How to Beat Programmer’s Block

My own experiences programming are as a self-employed, generally self-motivated coder, designing software I want to design. If you are an employee writing code implementing someone else’s specifications, this may not be helpful.

For me, programming is usually a creative process. Unless I am fixing small bugs or making minor tweaks, writing software is no different from writing a story, a song, a poem, or drawing a picture. It is an abstract process by which I turn general ideas into something that doesn’t quite approach a true language. There is a purely creative process: coming up with ideas to implement. And there is a less creative, but often just as abstract a process: turning those ideas into little processes that a compiler can understand.

Since writing code is so much like writing anything else, a programmer is prone to “programmer’s block” just as an author of a novel can be afflicted with writer’s block.
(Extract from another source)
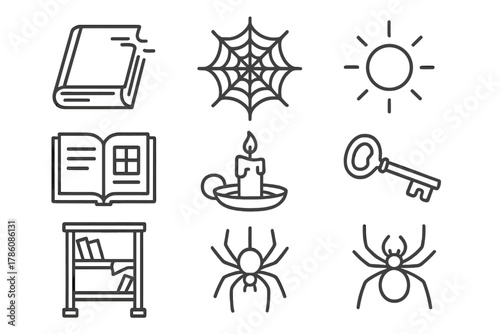 Forgotten Library Icons. Line style icons of Forgotten Library: Dusty Tome, Cobweb, Faint Glow, Ancient Catalog, Candle, Rusty Key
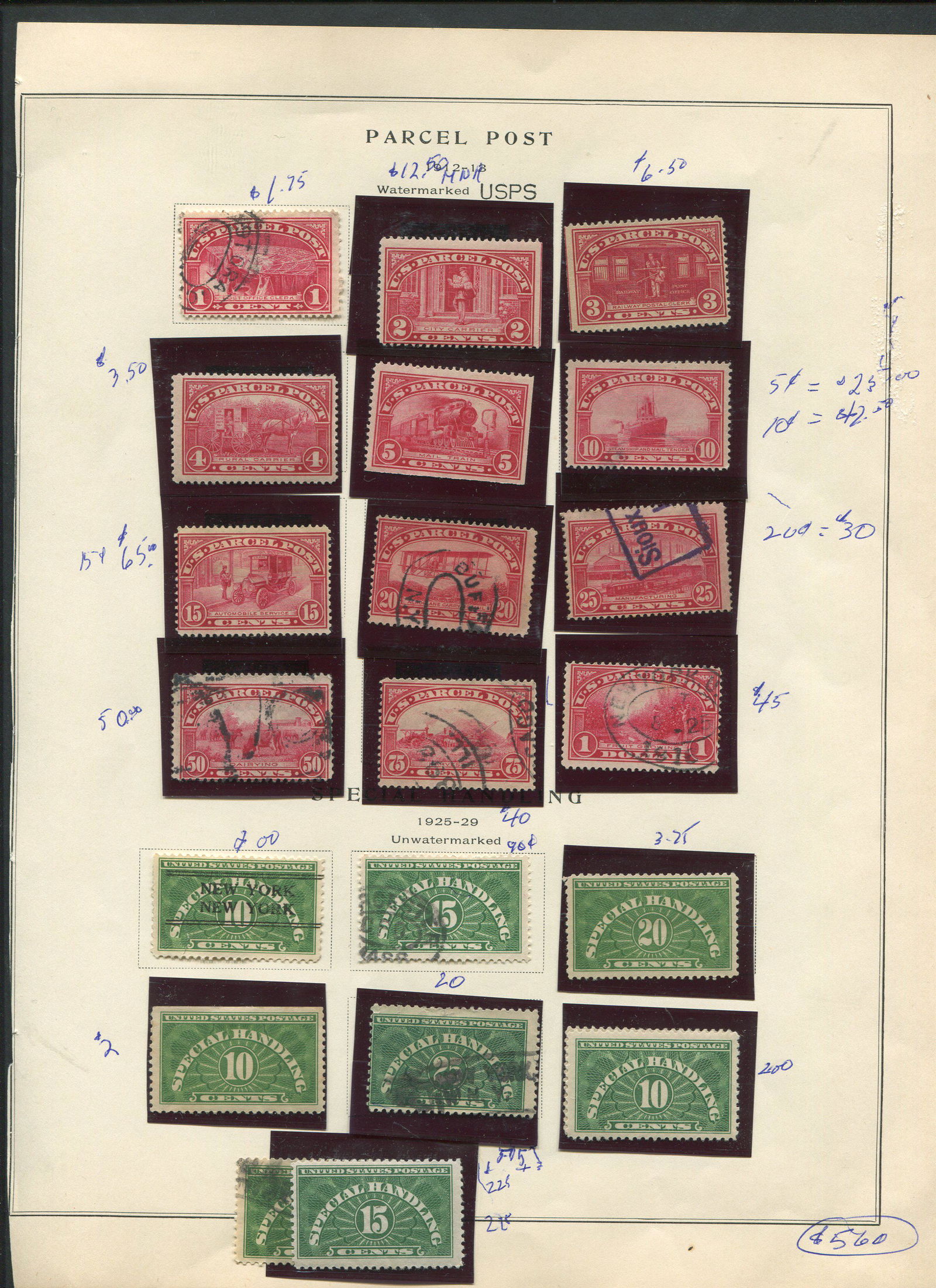 USA 1913-29 Parcel Post Stamp Collection (1 of 1)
Beating programmer’s block while simultaneously staying productive is something easily done as long as you keep these things in mind:

  • When you’re stuck, do something else.
  • It’s easy to do something else if you have more than one project.

It’s really that simple, at least for me. At any given time I have at least a half-dozen “things” I can do that constitute productive behavior.  If I experience programmer’s block when developing one application, I have several others I can go work on for a while. Or, I can write a blog entry or even read a business-related book.

The key is to have more than one thing to do at any given time, so that when project A gets stuck, you can go work on project B for a while.  It’s not hard. And for me, the goal is to take a break without becomming idle.  Sure, vacations and long-term breaks have their place, but with all those people on welfare counting on my taxes, I just can’t relax when I am truly doing nothing so I always have something else I can do when I hit a wall.